Jak mawiała Iwona Buczek, lubińska wspinaczka ku pamięci której organizowany jest corocznie memoriał, ścianka wspinaczkowa Kielich to jej 34 metry szczęścia. Można na tym obiekcie zwalczyć własne lęki, a także poznać swoje siły. Takie bariery także pokonują osoby niepełnosprawne, które już po raz drugi wzięły udział w warsztatach wspinaczkowych „Szczyt Odwagi”, zorganizowanych przez Stowarzyszenie Miłośników Gór Lubin.
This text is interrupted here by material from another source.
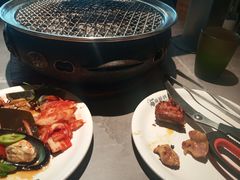 -伍棵星炭烤自助料理·烤鳗鱼(浦东食品城店)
Liczne grono podopiecznych Stowarzyszenia Przyjaciół i Rodziców Osób Niepełnosprawnych „Równe Szanse”, już po raz drugi miało okazję wziąć udział w sportowym wydarzeniu na sztucznej ściance w Lubinie przy ul. Jerzego Kukuczki. Kielich nie był jednak miejscem, gdzie ów osoby rywalizowały o jak najlepszy wynik, bo nie to było najważniejsze. Jak podkreśla prezes stowarzyszenia, główny cel to przełamywanie barier.

– Uczestników jest sporo, bo około czterdzieści osób. Robi się coraz to większe przekonanie dla nich do uczestnictwa w takich warsztatach. Jest przewaga ich zwycięstwa nad ciałem i lękiem, całkowicie. W zespole jest jedna z uczestniczek, która straciła zdrowie ze względu na duży stres wywołany pewnymi wydarzeniami w rodzinie. Zamknęła się w sobie i nie miała kontaktu z nikim. Wzięła udział w pierwszych warsztatach wspinaczkowych i zaczęła mówić! Częściowo więc się odblokowała. Osoby te pokazują, że są takimi samymi ludźmi jak my i nie boją się. Ważną też dla nich jest strefa bezpieczeństwa – mówi Dariusz Jankowski, prezes Stowarzyszenia Przyjaciół i Rodziców Osób Niepełnosprawnych „Równe Szanse”.
Podczas warsztatów nawet z początku bardzo nieśmiałe osoby, po słowach motywujących je do działania zaczęły pewnie wspinać się po Kielichu. Wielokrotnie widzieliśmy uniesione ręce w geście radości, po zejściu ze ścianki wspinaczkowej.

– Dlatego nie nazwaliśmy tego zawodami sportowymi, a warsztatami wspinaczkowymi dla osób z niepełnosprawnością. Jak kiedyś powiedział nasz przyjaciel Jan Mela, nie jest osobą niepełnosprawną, tylko sprawną inaczej. Postrzegam ich tak samo i jak najbardziej trzeba pokazać im, że mogą spróbować swoich sił we wspinaczce, czyli przełamywanie swoich barier – Marcin Królak, prezes SMG Lubin.

W warsztatach uczestniczy coraz więcej osób. Prezes SMG Lubin liczy na to, że taka inicjatywa będzie stałym punktem w kalendarzu wspinaczkowych imprez.